The original hit, the one that clearly indicated how well Aretha and Atlantic can do business to­gether, was 'I Never Loved A Man (The Way I Love You)'. The Muscle Shoals supply the rhythm; Aretha herself supplies the piano; and little-known songwriter Ronnie Shannon supplies the song, written specially for Aretha. This is simple, but deep soul, the likes of which she could never ac­cess on Columbia, and, predictably, the public was captured by the awesome contrast of the fiery, ecstatic screaming on the verses and the hot, breathy, animalesque hush of the chorus.

About 'Respect', Otis Redding, while performing the song in concert during the last year of his life, would always mention the «little girl who took it away from me», although in quite a friend­ly manner. He was right, too: singing it from the feminine perspective, Aretha turned it into the women's-rights anthem for her epoch, not to mention the fact that, for Otis, it was simply one more memorable, but hardly outstanding, hit in a long series of classics, whereas for Aretha it was really the song that made her, and even today, when you listen to it, it is easy to understand how she must have known this would be the song that would make her — and how everyone as­sisted her so well in that knowledge, starting from her sisters with their brilliant vocal echoes and ending with King Curtis' sax break. Oh, and the newly added bridge, and the vaguely obscene "sock it to me sock it to me sock it to me" — is this the first time the phrase appears in a pop song? If not the first, it is easily the best.

There is the usual complaint to be applied: Aretha does not stand up much for diversity, and all of the material, no matter how different in melody or mood, gets the standard Franklin treatment. On the other hand, this is a sport of its own: isn't it exciting to take songs as diverse as 'Drown In My Own Tears', Ray Charles' celebration of desperation, and 'Good Times', Sam Cooke's glorifica­tion of party life, and try to find a common invariant? Aretha's, of course, reads «power». When she sings the former, she is not really desperate — she uses fake images of desperation to exer­cise mind control over her deceitful lover; and when she sings the latter, she does not invite you to "get in the groove and let the good times roll", she commands you. Lady says to get in the gro­ove — what are you, deaf or something?

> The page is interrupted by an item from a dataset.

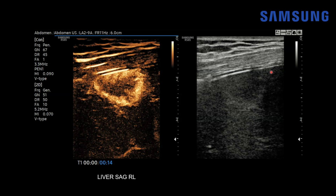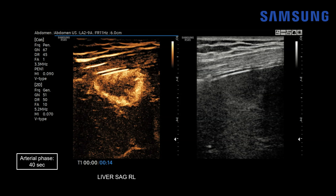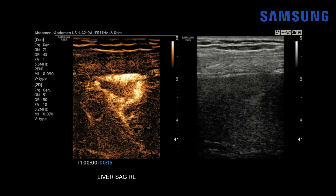On the right-hand side we're looking at the grayscale B-mode image, and on the left-hand side is the contrast-enhanced ultrasound image with the background suppressed. We're about 14 seconds post-contrast injection and saline flush — in the arterial phase, which continues until about 40 seconds. You can see this lesion has peripheral nodular globular enhancement. We slightly sweep through the lesion to show other areas of enhancement.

Understandably, though, material like 'Drown In My Own Tears' works better as a curio than as a soul classic; but when the songs actually do deal with the issue of power, they are immortal. 'Res­pect' and 'I Never Loved A Man' are clear highlights, but so is Aretha's self-penned 'Dr. Feelgood', where she finds the love she needs to be OK with her (poor, poor Dr. Feelgood, whoever he is), and Cooke's 'A Change Is Gonna Come' — no questions asked about that one.

The album contains no obvious filler; some cuts are stronger, some weaker, but the album was designed as a solid blast, and Aretha jumps in it with the same fervor she demonstrated on her first Columbia record, except that, this time, the fervor is not wasted or dissipated on syrupy strings and corny oldies. Even the composition of the record — wisely kicking off with the soul aggression of 'Respect' and closing things with the epic conclusion of 'Change' — deserves an unequivocal thumbs up from the brain department, and as for the heart, well, if Aretha Franklin is OK with you as a source of inspiration, there is no way the heart could feel disappointed with this particular record.